The four stood, unsure what to do next.
"O you should go home," Clarke finally said, finding her voice again. "Lincoln, take her home." Before the two could protest, Lexa stepped in.
"Clarke and I can stay here and wait for Mrs. Reyes. Octavia, you need to rest. We'll call you if anything happens, promise." Lincoln bent down and hugged his friend closely, before turning on Clarke and giving her the same treatment. The couple left, leaving Clarke and Lexa in yet another silence.
"Thank you, Lexa," Clarke finally said.
"You're welcome," Lexa replied.
"You know, I still really don't know what I did to you. It's almost like you couldn't stand me from the moment you saw me," Clarke laughed humorlessly. Lexa hesitated momentarily, before deciding to speak.
"It wasn't from when I first saw you," she said, turning to find the blue eyes that she begrudgingly loved. "It was from the moment I heard you."

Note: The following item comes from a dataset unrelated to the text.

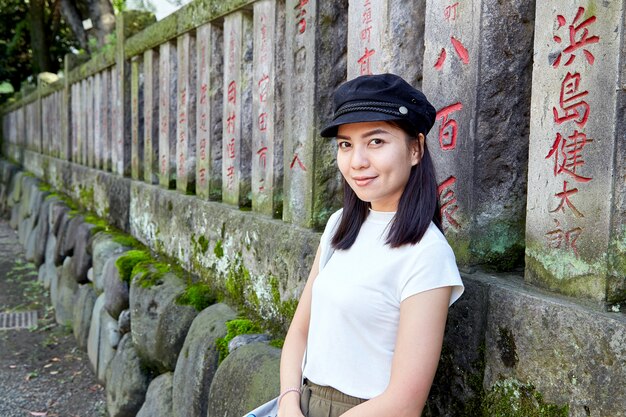 Front view portrait of a happy woman tourist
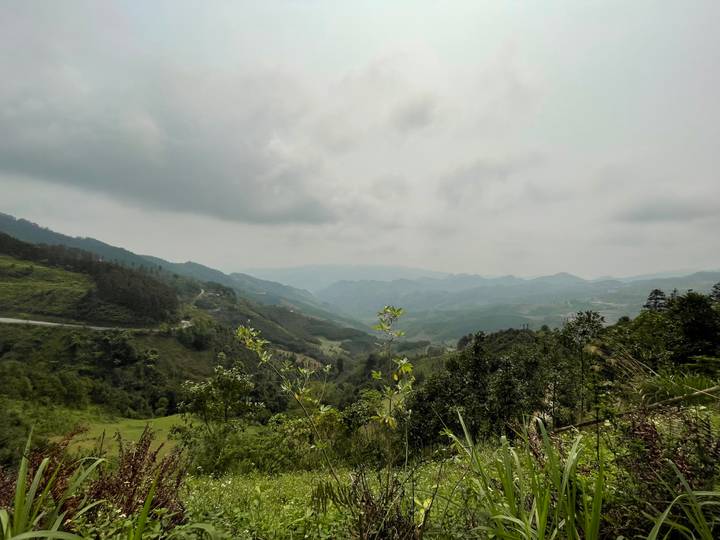A wide, misty view over lush green valleys and layered mountains beneath a cloudy sky.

Clarke waited, unsure if Lexa was going to supply anything else. She could feel the anxiety radiating from her, the Atlassian weight of nerves and the sadness that beared down on Lexa. But she knew not to push, not to push those bright green eyes even further away.
"You walked into our room, and I heard your voice and… The thing is, Clarke, your voice... you sound just like my wife."